Why We Picked Cassandra For Big Data - InformationWeek

InformationWeek is part of the Informa Tech Division of Informa PLC

This site is operated by a business or businesses owned by Informa PLC and all copyright resides with them.Informa PLC's registered office is 5 Howick Place, London SW1P 1WG. Registered in England and Wales. Number 8860726.

IT Leadership
09:06 AM
Juan Valencia
Juan Valencia

Why We Picked Cassandra For Big Data

Easy scale-outs, high write throughputs, and lower costs were key, but Cassandra does have its limitations.

Like good carpenters, data engineers know that different tasks require different tools. Picking the right tools -- and knowing how to use them -- can be the most important part of any job. Here's how we settled on Cassandra for the core operating database behind ShareThis, and what we learned about big-data modeling along the way.

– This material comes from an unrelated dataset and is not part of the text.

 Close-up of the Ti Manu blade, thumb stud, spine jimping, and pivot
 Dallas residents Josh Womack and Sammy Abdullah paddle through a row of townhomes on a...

ShareThis keeps track of who's sharing what with whom online, and which channels they're using to share. Our ecosystem includes 120 social communities, 3 million publisher sites and apps, and nearly 200 million people. We can tell which stories are trending, and we can track content in motion in real-time as it's shared across social platforms. On a typical day, we're looking at about a million shares, and including other social signals such as click-backs, we see about 1.4 billion social signals per month.

Originally we were running on MongoDB, but it didn't scale well as the number of writes in our database continued to increase. We considered a few other options, including Cassandra, and some memory base options such Membase and Couchbase. Cassandra's write throughput is what lets us write such large volumes into Cassandra at a given time and ingest more data in a given period; it means more data and lower cost, which stood out significantly. Now that we've been using it for a while it is extremely stable, but we do continue to look at new alternatives. We recently evaluated it against Aerospike, for example, which is known for allowing ACID transactions, which are safer. We found that Aerospike performs really well regarding both write throughput (ingestion) and low-latency queries, but is limited in column width, while Cassandra allows for really wide columns.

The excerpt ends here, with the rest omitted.